Exercise instructions → Scan the listing below for lines with "Soft" in them. Give their number and nothing more.

-------- Given records --------

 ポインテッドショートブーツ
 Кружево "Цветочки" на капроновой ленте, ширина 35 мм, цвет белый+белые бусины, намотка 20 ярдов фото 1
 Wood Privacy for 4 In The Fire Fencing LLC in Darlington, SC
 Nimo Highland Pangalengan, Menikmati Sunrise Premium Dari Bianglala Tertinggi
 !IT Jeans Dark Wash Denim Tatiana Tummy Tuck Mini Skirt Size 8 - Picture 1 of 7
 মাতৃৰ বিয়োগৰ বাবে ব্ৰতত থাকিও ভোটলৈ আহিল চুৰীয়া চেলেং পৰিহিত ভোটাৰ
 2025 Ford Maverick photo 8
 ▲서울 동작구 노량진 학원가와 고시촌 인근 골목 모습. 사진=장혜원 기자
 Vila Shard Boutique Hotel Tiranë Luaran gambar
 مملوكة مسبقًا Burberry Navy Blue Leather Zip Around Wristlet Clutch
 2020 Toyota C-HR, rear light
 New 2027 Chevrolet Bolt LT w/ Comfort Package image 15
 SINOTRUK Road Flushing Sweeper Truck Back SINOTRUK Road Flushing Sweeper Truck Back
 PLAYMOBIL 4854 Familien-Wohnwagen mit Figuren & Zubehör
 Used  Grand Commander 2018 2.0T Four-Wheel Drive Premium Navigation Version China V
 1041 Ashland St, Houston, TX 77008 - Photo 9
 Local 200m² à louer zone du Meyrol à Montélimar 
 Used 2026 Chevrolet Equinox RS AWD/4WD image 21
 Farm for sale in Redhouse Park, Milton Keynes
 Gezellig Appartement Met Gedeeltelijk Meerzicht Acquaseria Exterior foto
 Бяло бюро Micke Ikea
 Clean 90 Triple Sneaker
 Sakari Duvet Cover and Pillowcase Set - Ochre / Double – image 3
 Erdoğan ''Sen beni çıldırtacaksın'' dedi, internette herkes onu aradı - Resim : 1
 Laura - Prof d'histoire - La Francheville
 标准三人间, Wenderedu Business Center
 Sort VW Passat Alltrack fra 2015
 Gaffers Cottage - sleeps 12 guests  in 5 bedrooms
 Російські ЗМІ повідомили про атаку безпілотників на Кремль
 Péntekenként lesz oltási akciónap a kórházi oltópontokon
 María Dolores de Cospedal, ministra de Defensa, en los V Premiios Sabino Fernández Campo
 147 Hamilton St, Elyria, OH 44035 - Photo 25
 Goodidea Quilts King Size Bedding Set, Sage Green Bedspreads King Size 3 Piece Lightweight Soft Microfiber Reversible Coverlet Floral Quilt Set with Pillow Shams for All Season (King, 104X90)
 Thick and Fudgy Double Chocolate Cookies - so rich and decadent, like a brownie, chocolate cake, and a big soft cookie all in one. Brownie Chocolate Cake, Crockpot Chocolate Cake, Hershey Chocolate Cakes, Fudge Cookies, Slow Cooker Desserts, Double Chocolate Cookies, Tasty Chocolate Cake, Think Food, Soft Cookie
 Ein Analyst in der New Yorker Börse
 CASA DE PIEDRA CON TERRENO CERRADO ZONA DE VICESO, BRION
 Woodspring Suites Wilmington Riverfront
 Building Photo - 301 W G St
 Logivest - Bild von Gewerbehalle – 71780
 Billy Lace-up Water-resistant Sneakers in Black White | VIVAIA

--------

Answer to this exercise → 2